Dos visiones sobre la
condición humana
P. Fernando Pascual
19-3-2022
Entre las muchas maneras de
comprender lo que significa existir como humanos, hay dos visiones que parecen
antagónicas. La primera, interpreta la historia humana como un progreso desde
la inmadurez hacia la plenitud. La segunda, considera que el hombre natural (“primitivo”)
sería el modelo perfecto de algo que se ha perdido por desarrollos culturales
inadecuados.
Como un representante, entre
otros, de la primera visión encontramos a Auguste Comte y su teoría sobre los
tres estadios de la humanidad: el mítico, el metafísico y el científico. Como
un representante de la segunda manera podemos recordar a Jacques Rousseau.
En cierto modo, la primera
manera parece haber adquirido una amplia difusión en nuestros días. Basta con
escuchar a quienes critican a otros como “medievales”, “primitivos”, “cavernícolas”,
al acusarles de que tienen ideas y modos de vivir que habrían quedado superados
por conceptos nuevos y progresistas.
La segunda manera no carece de
defensores, aunque quizá tengan menos fuerza que los anteriores.
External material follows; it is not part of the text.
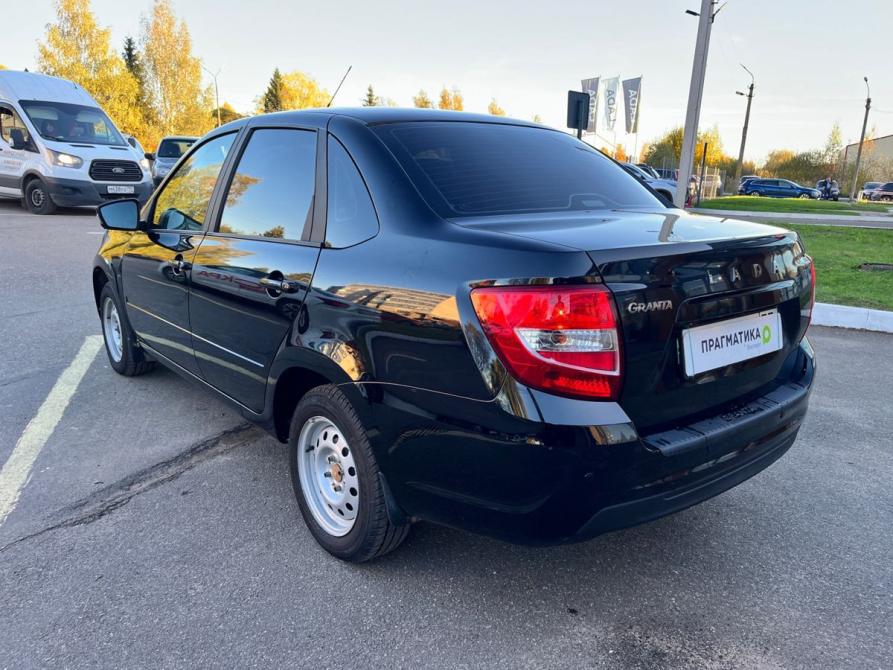 Lada (ВАЗ) Granta I Рестайлинг Великие Луки  - изображение 7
Esos
defensores suelen idealizar a aquellos pueblos que conservarían modos de vivir “naturales”,
como ocurre en tribus aisladas o en formas de asociación que se han conservado
más o menos estables durante siglos.
Un análisis amplio sobre estas
dos posiciones podría desentrañar los aspectos positivos y negativos de cada
una, lo cual exigiría tiempo y un auténtico sentido de objetividad que no
resulta fácil conseguir.
Pero también descubriría un
elemento común que caracteriza a ambas posiciones (la del progreso y la de la
tradición): el encasillar la historia de las civilizaciones y la actual
diversidad cultural según un esquema rígido que corre el peligro de declarar a
algunos como más humanos y a otros como menos humanos.
Porque eso ocurre en las dos
visiones sobre la condición humana. Para la primera, solo alcanzaría la
plenitud humana quien ha dado los pasos necesarios para superar límites del
pasado y adherirse al progreso científico y cultural. Los que no hayan
alcanzado tal meta, serían vistos como subhumanos o, al menos, como perdedores.
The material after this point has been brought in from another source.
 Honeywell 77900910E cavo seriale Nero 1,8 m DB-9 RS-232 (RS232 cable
Para la segunda, el hombre
tecnológico, científico, que habría roto con tradiciones y formas culturales
del pasado, habría adulterado su auténtica naturaleza al revestirse de
estereotipos y de sofisticaciones que le impedirían tener la única manera de
vivir plenamente como humano: la propia de los pueblos que no han sido
contaminados por la tecnología y por ideologías “progresistas”.
En realidad, ese elemento
común de crítica corre el riesgo de promover discriminaciones erróneas y
estereotipos que dividen a los seres humanos en dos clases o castas, unos
vistos como superiores, otros declarados inferiores.
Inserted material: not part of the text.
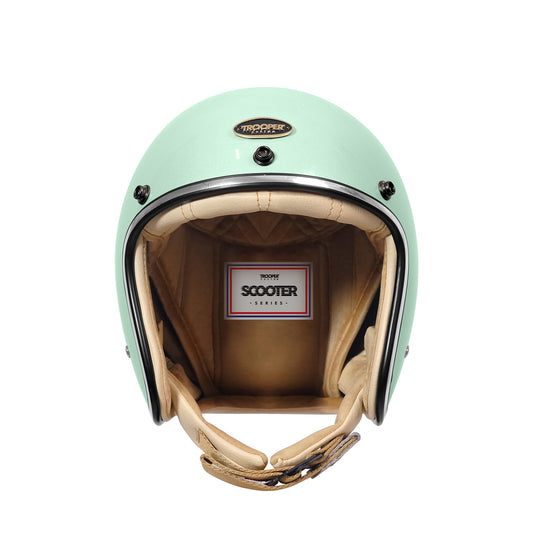 Smokey Scooter Series (Brown Lining) - Special Edition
La historia nos recuerda hasta
qué punto ese riesgo ha provocado y provoca odios, persecuciones, incluso
masacres, de miles de seres humanos declarados como inferiores, lo cual va
contra el principio fundamental que debería regir todas las relaciones humanas:
la aceptación del otro en sus derechos, independientemente de la situación
cultural en la que se encuentre.
El riesgo de negar la
humanidad del otro, o al menos de considerarlo un ser humano “disminuido”, no
se da en todos los que defienden la tesis del progreso ni en quienes hacen suya
la tesis de la tradición.
Pero tal riesgo solo será
superado plenamente cuando los defensores de cada visión se pregunten,
seriamente, si su modo de explicar las diferencias históricas y culturales
entre los seres humanos refleja verdaderamente lo específico de la humanidad, o
si tiene que ser corregido e integrado en un modo diferente de analizar los
datos y de llegar a conclusiones bien fundamentadas.